Would you please repeat, word for word, only the lines from the one holding "Trabajadores de la" through the one holding "Photo of Livingroom in Weirs Beach" in the material below, without the pictures?

§ Information given:
※ ※ ※

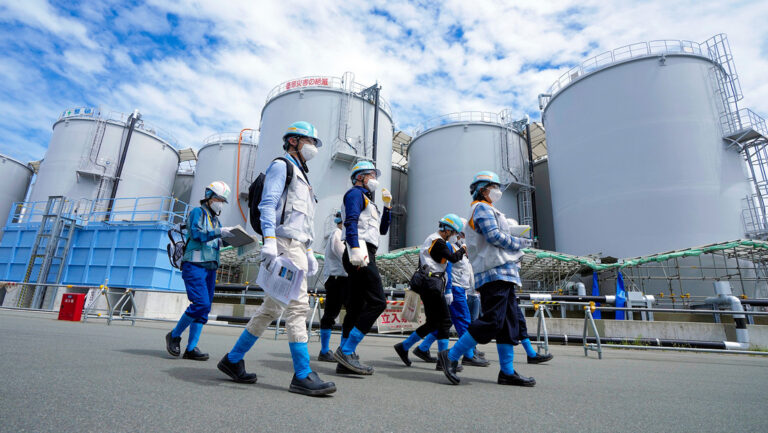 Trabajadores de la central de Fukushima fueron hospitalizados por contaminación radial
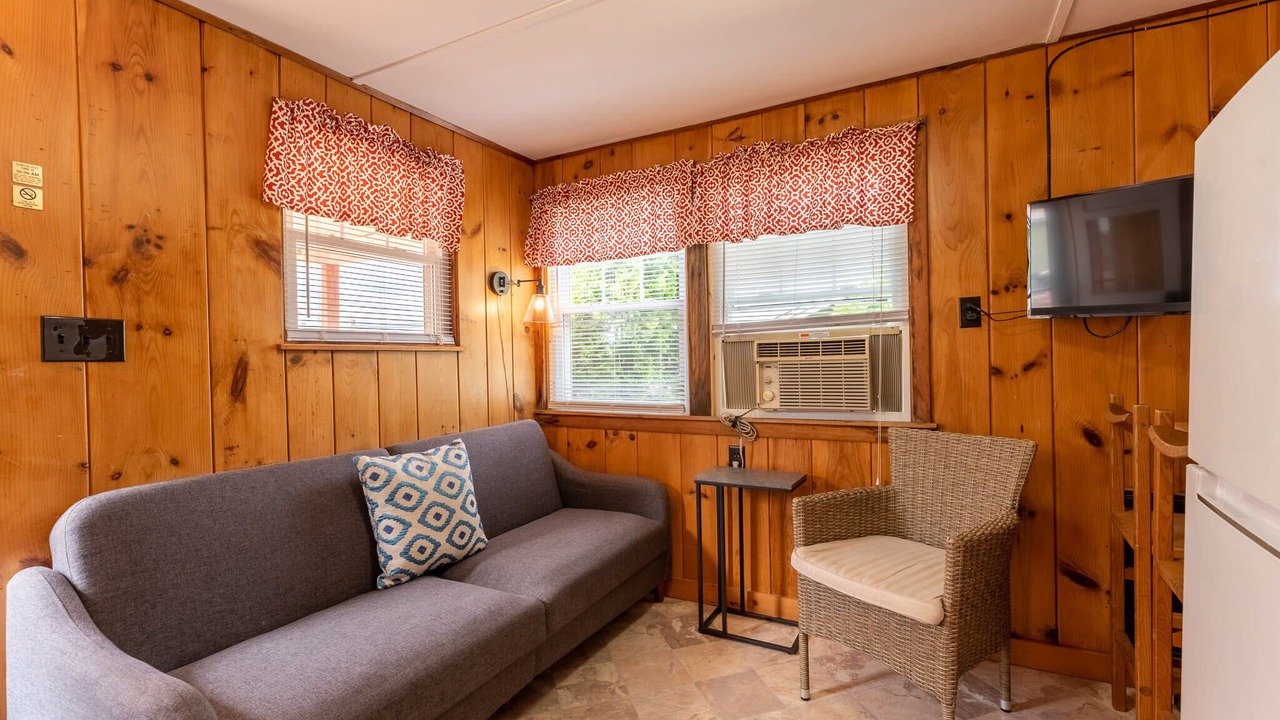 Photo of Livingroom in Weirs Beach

※ ※ ※

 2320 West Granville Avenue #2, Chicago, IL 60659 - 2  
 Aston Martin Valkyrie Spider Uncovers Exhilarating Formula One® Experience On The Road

※ ※ ※

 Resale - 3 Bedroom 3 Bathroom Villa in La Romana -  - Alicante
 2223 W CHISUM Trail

※ ※ ※

§ Written answer:
 Trabajadores de la central de Fukushima fueron hospitalizados por contaminación radial
 Photo of Livingroom in Weirs Beach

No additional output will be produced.